Baby, One More Time – das war der Ohrwurm, der die Sängerin Britney Spears bekannt gemacht hat. 1999 war das, und wenige Monate später platzte die Internetblase. Von wegen one more time – noch einmal will das niemand an der Wall Street oder im Silicon Valley erleben.

Solche Ängste schürt aber der Onlinespiele-Anbieter King Digital Entertainment, der bei seinem Börsengang in New York mit über sieben Milliarden Dollar bewertet wird – das ist mehr, als Hasbro, der 90 Jahre alte Hersteller von Monopoly, dort wert ist. King ist das Unternehmen hinter Candy Crush Saga, jenem elektronischen Drei gewinnt-Spiel, bei dem es darum geht, quietschfarbene Bonbons aneinanderzureihen. Zuckerwatte für Investoren?
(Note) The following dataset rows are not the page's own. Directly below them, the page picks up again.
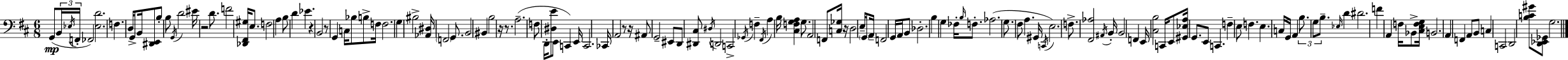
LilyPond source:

{
  \clef bass
  \numericTimeSignature
  \time 6/8
  \key d \major
  g,8(\mp \tuplet 3/2 { b,16 \acciaccatura { ees16 } f,16-. } fes,2) | <ees d'>2. | f4. d16 g,8-> b,16 <dis, e,>8 | b8-. b8 \acciaccatura { g,16 } d'2 | \break eis'16 r2 d'8. | f'2 <des, fis, gis>16 e8. | f2 a4 | b8 d'4 ees'4. | \break r4 b,2 | r8 g,4 c16 bes8 b8-> | f16 f2. | g4 bis2-> | \break <aes, dis>16 \parenthesize f,2 g,8. | b,2 bis,4 | b2 r16 r8. | a2.--( | \break f8 d,16-. <dis e'>8 e,8 c,4) | e,16 c,2. | ces,16 a,2 r8 | r16 ais,8 g,2-- | \break eis,8 d,8 <dis, cis>8 \acciaccatura { dis16 } d,2 | c,2-> \acciaccatura { ges,16 } | f4-- \acciaccatura { fis,16 } a4 b16 <cis f g a>4 | g8. a,2 | \break f,8 <c ges>16 r16 d2 | e16-- \parenthesize g,8 a,16-- f,2 | g,16 a,16 b,8 des2.-. | b4 g4 | \break fes16-. \grace { b16 } f8.-. aes2.( | \parenthesize g8. fis8 a4. | gis,16 \acciaccatura { c,16 }) e2. | f8.-> <fis, aes>2 | \break \acciaccatura { ais,16 } b,16-. b,2 | f,4 e,16 <cis b>2 | c,16 e,8 <gis, ees a>16 g,8. | e,8 c,4. f4-- | \break e8 f4. e4. | c16 g,16 a,4 \tuplet 3/2 { b8. g8 | b8.-- } \grace { ees16 } d'4 dis'2. | f'4 | \break a,4 f16 bes,8-> <cis e f g>16 b,2. | a,4 | f,4 a,8 b,8 c4 | c,2 d,2 | \break <b c' gis'>8 <d, ees, ges,>8 g2. | \bar "|."
}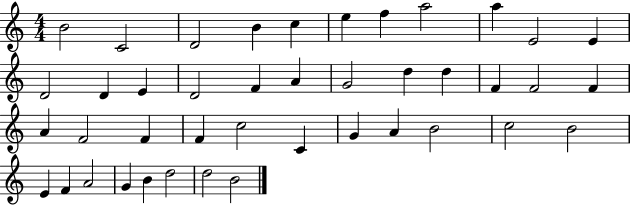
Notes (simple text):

B4/h C4/h D4/h B4/q C5/q E5/q F5/q A5/h A5/q E4/h E4/q D4/h D4/q E4/q D4/h F4/q A4/q G4/h D5/q D5/q F4/q F4/h F4/q A4/q F4/h F4/q F4/q C5/h C4/q G4/q A4/q B4/h C5/h B4/h E4/q F4/q A4/h G4/q B4/q D5/h D5/h B4/h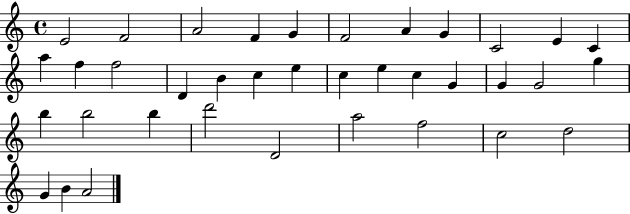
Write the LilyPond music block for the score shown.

{
  \clef treble
  \time 4/4
  \defaultTimeSignature
  \key c \major
  e'2 f'2 | a'2 f'4 g'4 | f'2 a'4 g'4 | c'2 e'4 c'4 | \break a''4 f''4 f''2 | d'4 b'4 c''4 e''4 | c''4 e''4 c''4 g'4 | g'4 g'2 g''4 | \break b''4 b''2 b''4 | d'''2 d'2 | a''2 f''2 | c''2 d''2 | \break g'4 b'4 a'2 | \bar "|."
}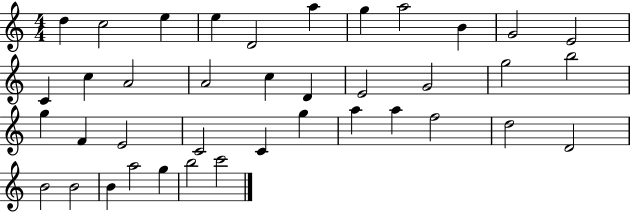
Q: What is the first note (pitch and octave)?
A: D5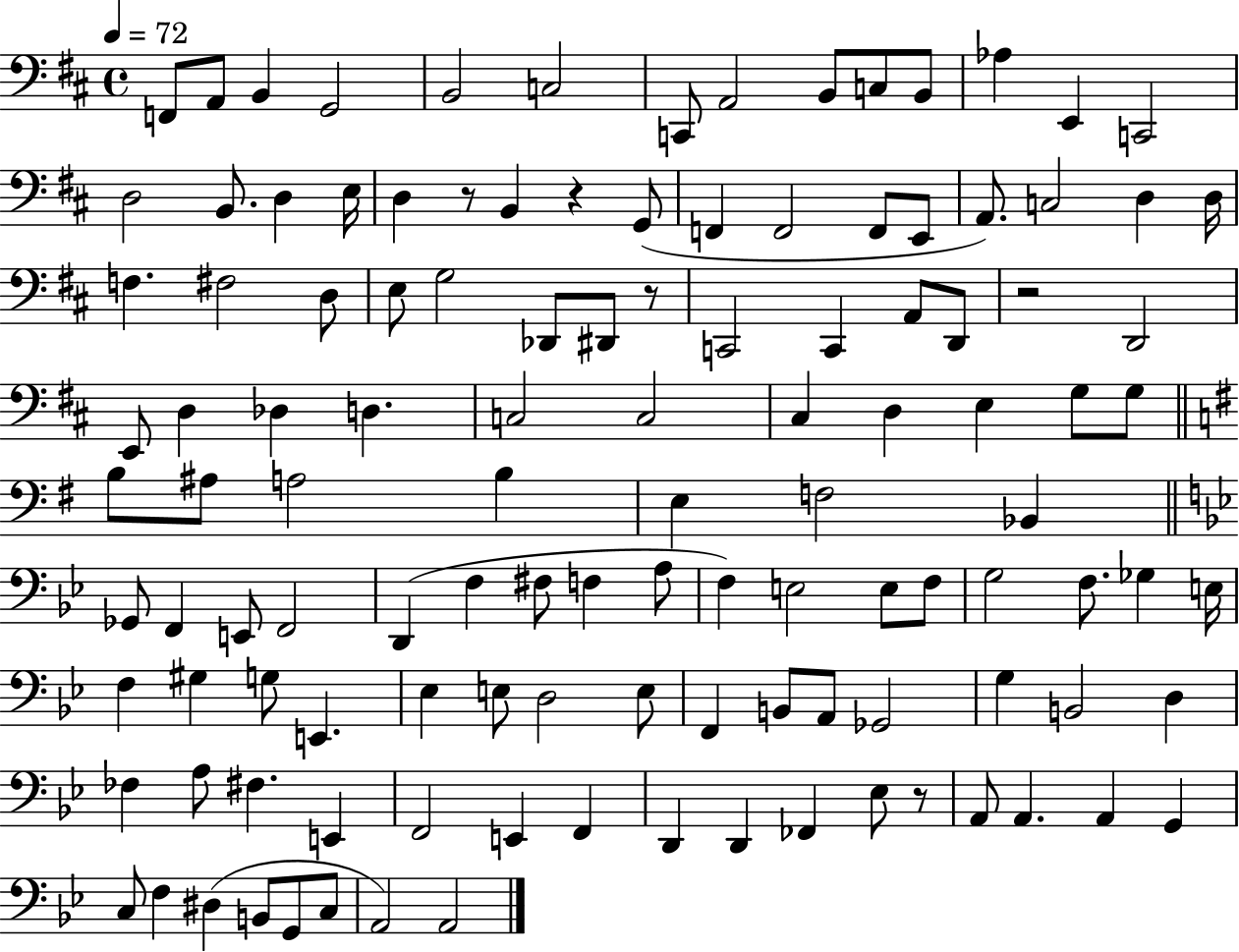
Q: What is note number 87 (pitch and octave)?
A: A2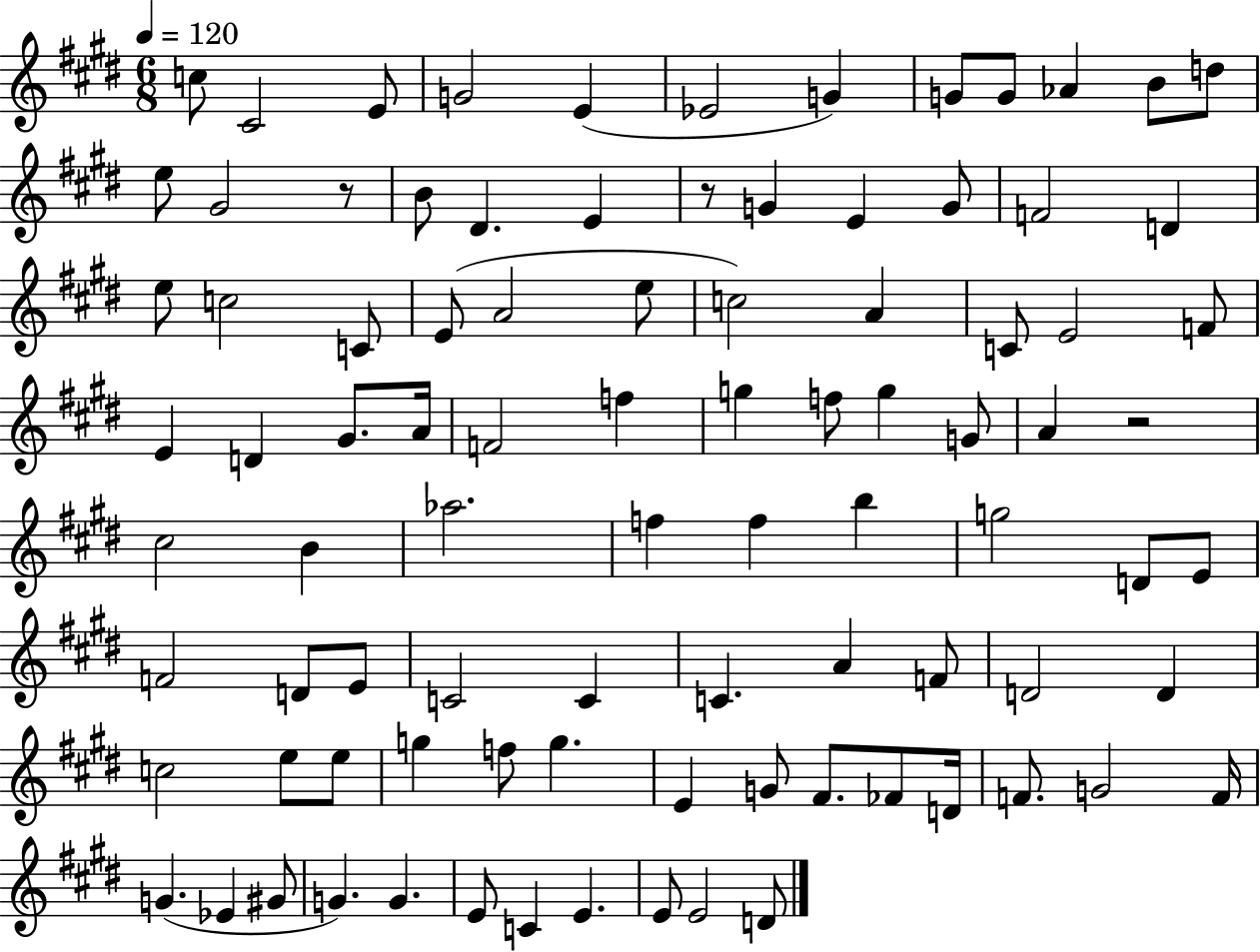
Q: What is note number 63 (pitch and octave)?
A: D4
Die Börsenkandidaten sind heute gesündere Kost als früher, das zumindest stellt Jay Ritter, Professor an der University of Florida, in einer Analyse fest. Börsenneulinge sind heute im Mittel neun Jahre alt, 1999 waren es bloß vier. Der Umsatz lag damals bei 17 Millionen Dollar – 2013 schon bei 107 Millionen. Auch der Candy Crush-Herausgeber steht finanziell solide da, 1,8 Milliarden Umsatz und 568 Millionen Dollar Gewinn im vergangenen Jahr. Warum kommen die Debütanten heute reifer an den Aktienmarkt?

Verantwortlich sind ausgerechnet die oft gescholtenen Zentralbanken, deren lockere Geldpolitik Spekulationsblasen verursache, so die Kritik. Doch hier wirkt sie positiv: Dank des billigen Geldes sind Risikokapitalgeber bereit, Start-ups zu finanzieren, die dann länger warten können, bevor sie an der Börse Kapital einsammeln. Wie nachhaltig Kings Geschäft ist, das davon lebt, dass Millionen Menschen Zeit damit verbringen, virtuelle Bonbons wegzuklicken, sei dahingestellt.

Entschuldigen Sie mich jetzt, ich muss noch drei Toffee-Karamelle in eine Reihe kriegen.